## Task requirements
Within the records below, reproduce without change the lines from the line that has "Modern 1 Bed" through the line that has "Rumah Teres 2", and only those.

## Provided material
>>>>

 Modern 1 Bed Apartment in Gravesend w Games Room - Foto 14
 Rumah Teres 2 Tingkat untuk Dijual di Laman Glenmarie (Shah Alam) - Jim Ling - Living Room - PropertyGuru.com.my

<<<<
>>>>

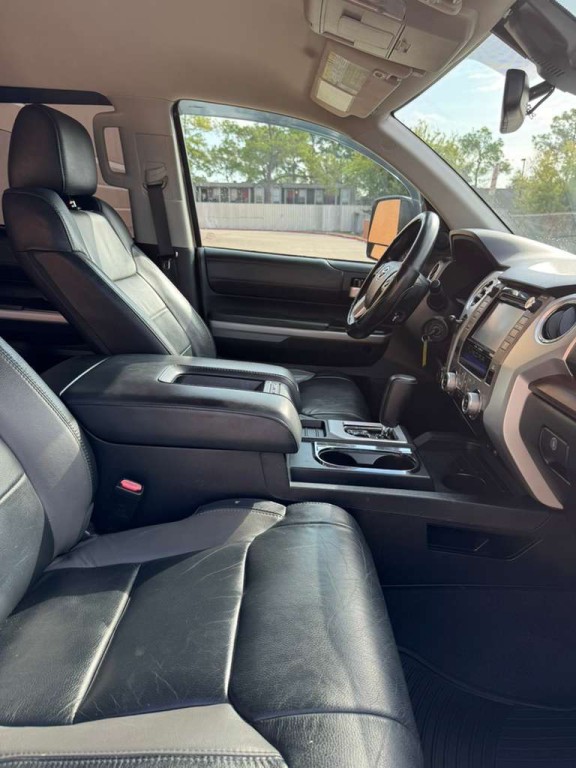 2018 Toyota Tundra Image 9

<<<<

## Solution for this task
 Modern 1 Bed Apartment in Gravesend w Games Room - Foto 14
 Rumah Teres 2 Tingkat untuk Dijual di Laman Glenmarie (Shah Alam) - Jim Ling - Living Room - PropertyGuru.com.my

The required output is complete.